Handwritten. They were conducting analysis on the neon samples and on tissue recovered from the Nullborn captives.

SPEAKER_00

She turned pages slowly.

SPEAKER_03

References to the nanobots Russo identified back home. They were close to a full breakthrough on the replication mechanism, method of transmission.

SPEAKER_00

She looked up.

SPEAKER_03

This is valuable.

SPEAKER_00

Take everything you can carry, I said. That was when Kendrick said very quietly, Kemp. He was looking toward the far end of the lab, past the last row of workstations, where the corridor continued into shadow. His rifle light was trained on a figure standing motionless in the dark. A woman. Head tilted downward, glowing orange eyes barely visible under the spill of her hair, still as a photograph. I recognized her immediately, and the recognition hit me like cold water. Evelyn Carter. She had been dead. I had watched her die, watched the blood pour from her ears and mouth on a mission weeks ago.
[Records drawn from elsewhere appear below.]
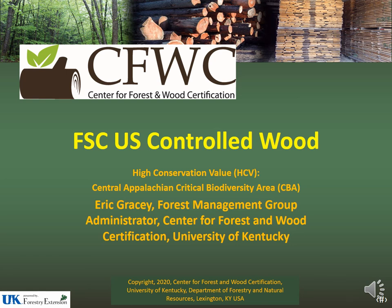Hello, my name is Eric Gracie. I'm the FM group manager for the Center for Forest and Wood Certification at the University of Kentucky.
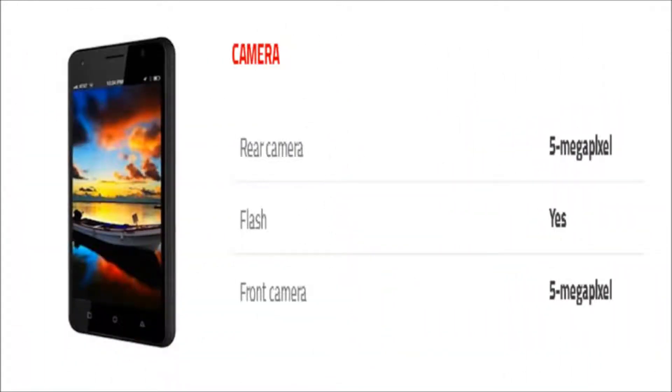As far as the cameras are concerned, the phone packs a 5-megapixel primary camera on the rear and a 5-megapixel front-shooter for selfies.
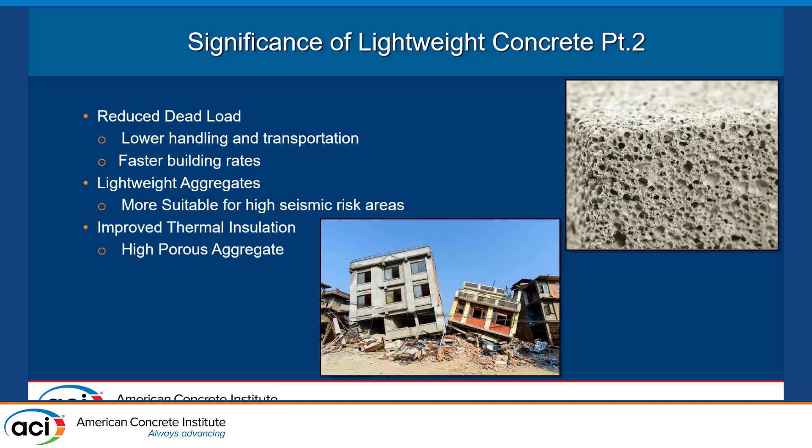What lightweight concrete can do is reduce the huge dead load from normal weight concrete, making it easier to move and transport. On average, constructing a floor usually takes about 10 days, but with lightweight concrete it cuts the time almost in half. Another big concern is seismic activity — with normal weight concrete, a lot of damage occurs as all that heavy weight crushes and stays on top of things.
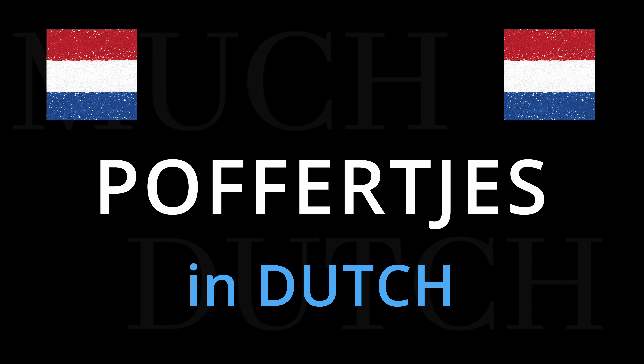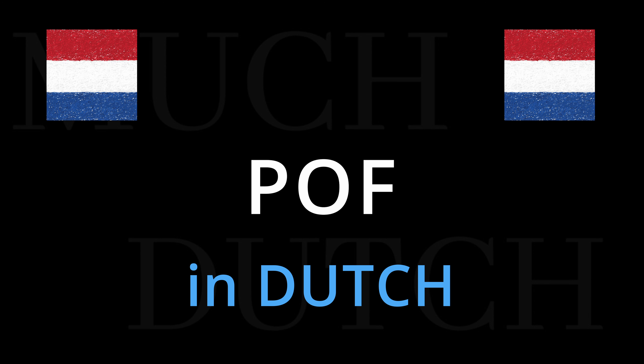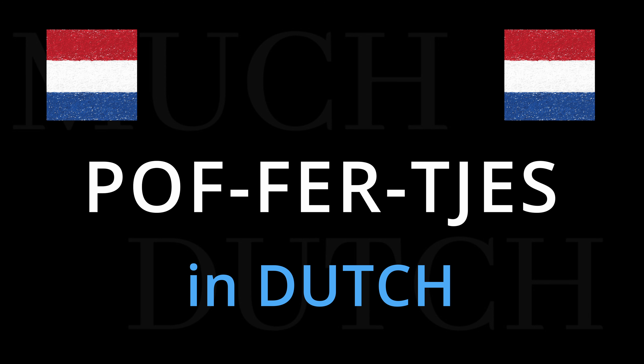This is how we say poffertjes. Poffertjes. The emphasis is on the first syllable: poffertjes. Poff-fer-tjes. Poffertjes.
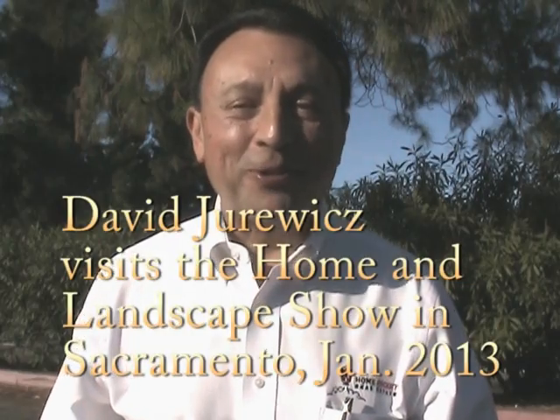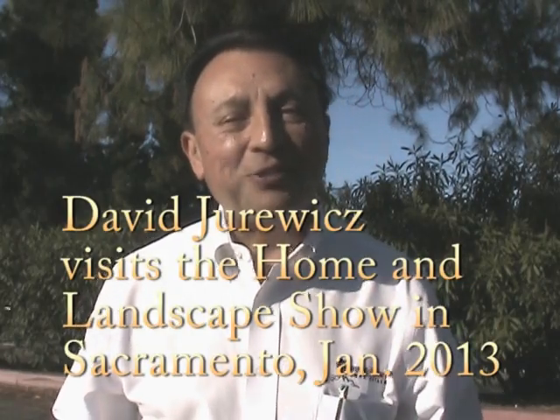Hello, I'm David Jurewitz of Home Rocket Real Estate in Sacramento. It's the end of January 2013 and today I'm at the Home Landscape Expo at Cal Expo in Sacramento. Let's go inside and see what we can find out.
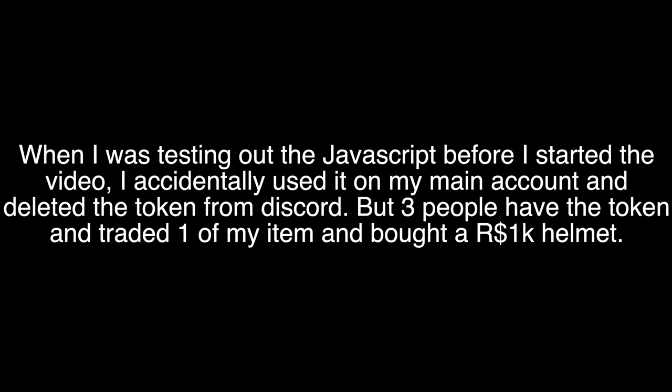When I was testing out the JavaScript before I started the video, I accidentally used it on my main account and deleted the token from Discord. Three people had the token and traded one of my items and bought a $1000 helmet. But I didn't lose anything in game because I had my account PIN on, so they can't change anything without the PIN. I'll see you next time.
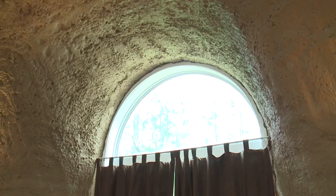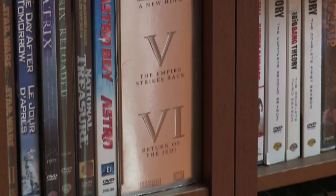Everywhere you look there's a round, cave-like wall. As far as homes go, it's almost stranger than fiction. It also reminds you of Hobbits and other fantasy type stuff too.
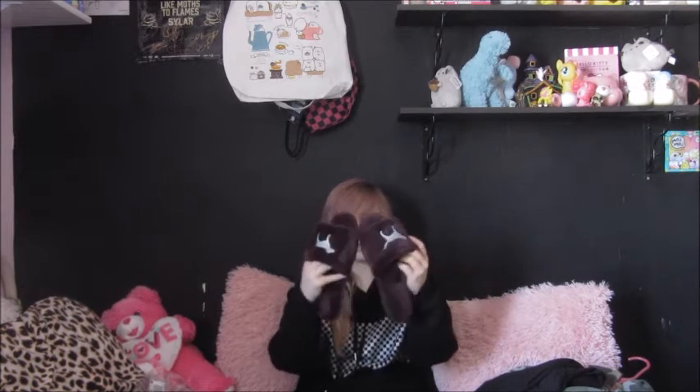Then I got these slippers — I thought they'd be good for walking around the house and they were on sale, so pretty good deal. That's everything I got from them lately. Thank you guys for watching, bye!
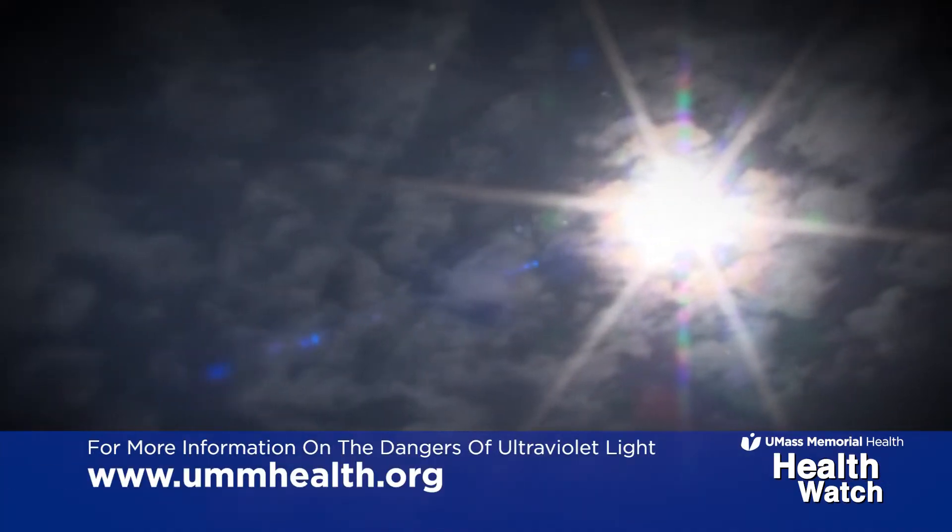UV can come from the sunlight — that's the biggest source of UV in our natural environment. Most people would have exposure to UV by going outside.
Watched her go limp on the concrete floor. I had given the order to bag her remains myself. I was there when her remains were scheduled for transport. She was supposed to be gone. She stood at the end of the corridor and looked at us. Her head tilted slowly, the way a person's head tilts when they're concentrating on a voice speaking in a whisper. Her glowing eyes caught the edge of our rifle lights, smoldering like embers. Then she shifted with a stiff, jerking motion, like something trying to remember how to be alive. Carter, I said. She didn't answer. She took one stuttering, jerking step backward into the shadow. Then another. Then she was gone, swallowed by the dark at the end of the corridor, as quietly as if she had never been there at all. The team held position, eyes locked on the empty space where she had stood.

SPEAKER_03

That's not possible, Overton said.

SPEAKER_00

Her voice was steady, but only barely.

SPEAKER_03

She was dead. We all know she was dead.

SPEAKER_00

She was, I said. I stared at the empty corridor for a long moment, turning it over in my mind, filing it where I filed everything I couldn't explain yet. Not dismissed, not accepted, just held. Whatever she is now, I said quietly, she isn't what she was. I looked at the team. Level 5, I said. We go down. Case file note. Level 2 cleared. No survivors located. Miller sustained gunshot wound to right forearm. Castile sustained minor thermal burn, left forearm. Both continue on mission. Level 4 labs cleared. Eight staff members deceased. Biological research notes and lab files recovered. Unconfirmed visual contact with subject Evelyn Carter, previously declared deceased. Status unknown. Team descending to level five. End case file zero one three dash zero zero seven.